Comparaison entre la formation d'un nuage d'altitude « normal » et d'un nuage d'altitude chargé de sable – Météo-Villes
Vu que ces poussières ne sont pas appréhendées par les modèles de prévision, la couverture nuageuse sera donc bien plus épaisse qu'initialement prévu lors d'importantes remontées de particules de sable du Sahara, comme ce fut le cas ces derniers jours.
Des conséquences importantes sur le temps ressenti :
Une couche nuageuse plus importante que prévu a toutefois bien plus de conséquences qu'une simple différence de nébulosité sur le temps ressenti.
Durant ces derniers jours, la différence entre prévision et réalité fut telle que, au lieu d'un ciel plus ou moins voilé mais laissant passer les rayons du soleil, la plupart des régions françaises se sont retrouvées sous un ciel totalement couvert.
Durée d'ensoleillement en France mercredi 16 et jeudi 17 mars 2022 (cliquer sur l'image pour l'agrandir) – Meteociel.fr
Ainsi, l'épaisseur du voile nuageux fut telle qu'aucun rayon du soleil n'a réussi à atteindre le sol sur de très nombreux secteurs durant ces deux journées.
Ceci a donc eu une conséquence sur le réchauffement diurne avec un soleil printanier ne parvenant pas à réchauffer les basses couches contrairement à ce qu'indiquaient les modèles de prévision. Les maximales ce sont donc montrées bien plus basses qu'initialement prévu avec des valeurs restant en moyenne 4 à 6°C inférieures à la prévision.
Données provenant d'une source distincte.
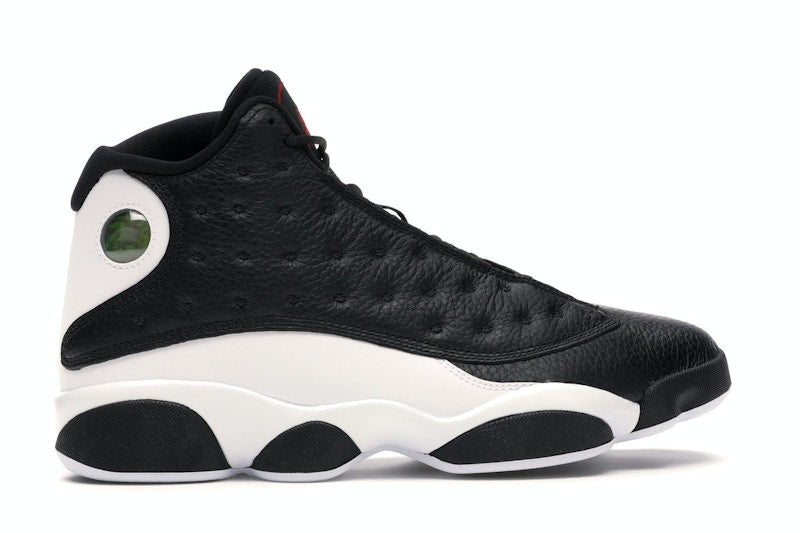 Jordan 13 Retro Reverse He Got Game
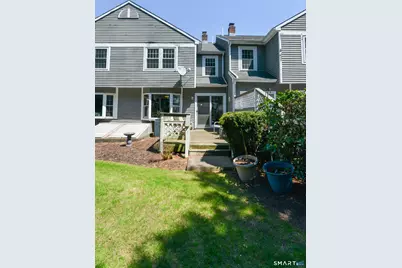 1325 Farmington Avenue #13, Bristol, CT 06010 - Photo 34
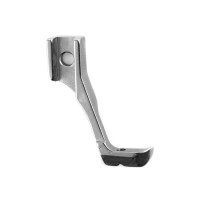 Patka kráčející pro šicí stroje SI-391R Patka kráčející pro šicí stroje SI-391R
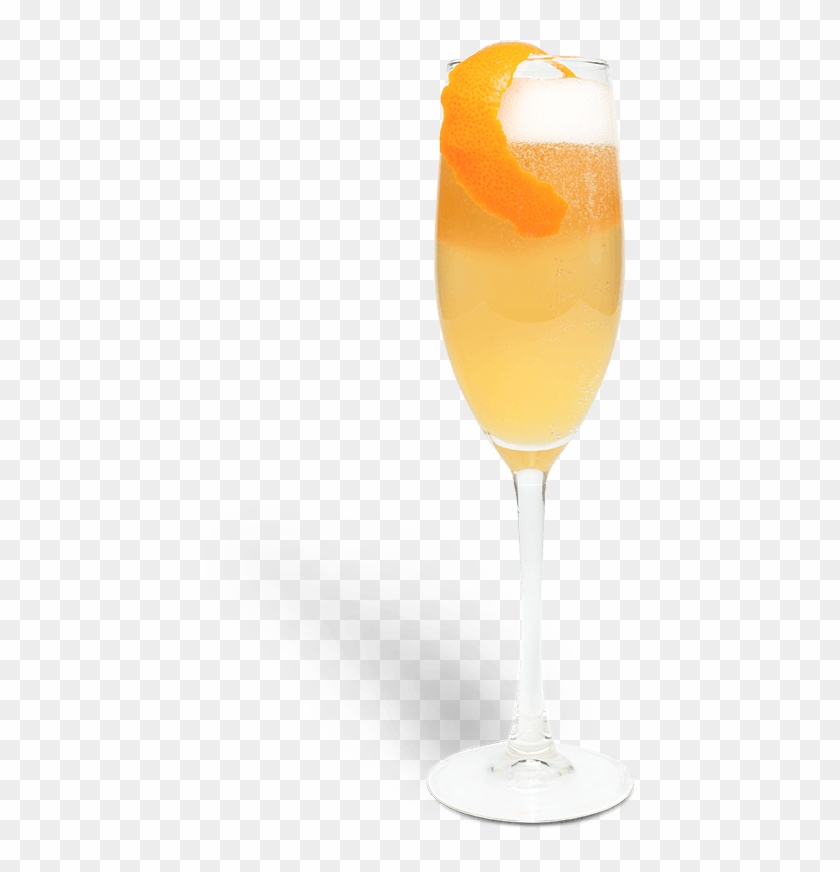 Mimosa Png - Transparent Mimosa Clipart #1341316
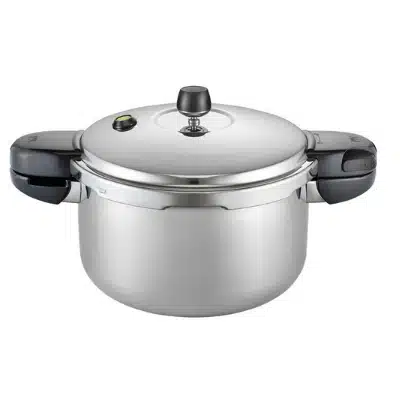 2023 압력솥 추천 Pick 7 구매 팁 풍년 휘슬러 2 PN풍년 하이클래드 파워 IH 압력솥 추천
Comparaison entre températures prévues et observées pour le mercredi 16 mars 2022 – Météo-Villes
Ainsi, nous sommes passés d'une prévision globalement lumineuse avec un ressenti très doux et printanier à un ciel majoritairement couvert et de ce fait des températures ne s'élevant que très peu en journée.
Le même schéma s'est d'ailleurs répété le lendemain, notamment entre les Pays-de-la-Loire et le Nord où le voile nuageux opaque a empêché de nouveau aux rayons du soleil d'atteindre le sol alors qu'un beau soleil était prévu. La délimitation entre air sec et clair et ciel chargé de sable et très voilé fut d'ailleurs très nette sur ces secteurs, marquant une grande différence en terme de ressenti en très peu de kilomètres.
Impressionnante délimitation entre ciel clair et ciel très voilé à Saint-Brevin-les-Pins (Loire-Atlantique) ce jeudi 17 mars 2022 – Via Twitter @DuterlayK
Les remontées de poussières de sable du Sahara dans notre ciel ont donc des conséquences parfois désastreuses en terme de prévision météo. Celles-ci favorisent la formation de nuages bien plus épais que ce que peuvent envisager les modèles de prévision, nuages opaques qui empêchent eux-mêmes aux températures de s'élever plus franchement en l'absence de rayonnement solaire.
Ce type de situation ne se rencontre heureusement qu'assez rarement et la concentration des particules de sable dans l'atmosphère devrait diminuer dans les prochains jours, permettant des prévisions de nouveau plus fiables, même à plusieurs jours de l'échéance.